Email & Eternity

My Composer’s Notes to

Email & Eternity, a full-length piece for solo erhu and solo pipa with a selected consort of master instrumentalists from the Singapore Chinese Orchestra.

(You can listen to the recording of the performance by clicking on the pic below:)


Waiting in airport lounges, pop music filters into your ear.

Your plane is cancelled because of a bomb threat. Entering a gift shop in Rome, you see a fat smiling golden Chinese Buddha. The shop assistant says to you: “Konichiwa!”

While sitting in a Singapore coffee shop you hear the news of the sacking of the antiquities museum in Baghdad.  You wake with a fever and you start getting seriously worried.

Life’s moments merge into one long plea for sanity…..    

I write music for myself. The music I myself need to hear as I live in a world gone crazy.   I don’t believe I am so different from other people. It is, therefore, a constant hope that sharing my music fills other people’s deep needs and longings and inner spaces too. And that it is enjoyable.

<Email & Eternity> is like much of my other work in that it is an attempt to make sense of this world, fragmenting as it is and reforming into a new, unexpected mosaic. If the music at times seems both very ancient and very modern, overly simple or overly complex, it is a reflection as much of this 21st Century as it is of an artist often bewildered by the speed of change.

But an artist cannot divorce himself from the world around him. As he lives and laughs, as he tries and fails and succeeds so his life grows and, hopefully, finds enlightenment, glory, contentment and peace.

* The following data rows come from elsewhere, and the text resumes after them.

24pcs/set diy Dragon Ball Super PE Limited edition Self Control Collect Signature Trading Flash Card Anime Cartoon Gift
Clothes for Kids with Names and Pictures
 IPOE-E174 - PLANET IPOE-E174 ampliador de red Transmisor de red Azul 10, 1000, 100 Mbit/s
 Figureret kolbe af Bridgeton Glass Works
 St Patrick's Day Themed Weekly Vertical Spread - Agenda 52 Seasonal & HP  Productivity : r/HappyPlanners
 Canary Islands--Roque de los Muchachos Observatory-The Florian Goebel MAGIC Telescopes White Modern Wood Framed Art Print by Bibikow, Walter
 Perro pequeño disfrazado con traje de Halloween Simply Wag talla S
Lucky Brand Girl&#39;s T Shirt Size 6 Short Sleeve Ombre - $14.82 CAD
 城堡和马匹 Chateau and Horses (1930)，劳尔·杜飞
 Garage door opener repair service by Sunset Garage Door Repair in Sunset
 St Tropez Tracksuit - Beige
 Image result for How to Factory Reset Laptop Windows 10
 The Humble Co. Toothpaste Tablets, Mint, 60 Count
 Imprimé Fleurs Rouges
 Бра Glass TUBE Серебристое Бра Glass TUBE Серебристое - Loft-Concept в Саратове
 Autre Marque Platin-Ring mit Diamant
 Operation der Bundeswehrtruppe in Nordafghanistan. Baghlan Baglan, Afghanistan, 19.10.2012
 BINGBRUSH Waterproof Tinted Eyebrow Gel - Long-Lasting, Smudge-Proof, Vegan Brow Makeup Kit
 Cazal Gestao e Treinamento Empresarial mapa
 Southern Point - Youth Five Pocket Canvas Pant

As he walks in the midst of his society, his friends and his enemies, his family and his demons, so he finds his voice and his destiny. Artists are always growing up.   So, this music.   Freely given –  though dug deep from the mines of my heart. This music, freely shared – though it is the pain and passion of the wonderful musicians that has paid the customs and tax so that we can listen to it. This music, freely listened to and heard. Remember, it is in our listening that eternity starts to emerge in the midst of the impermanence of our digital age.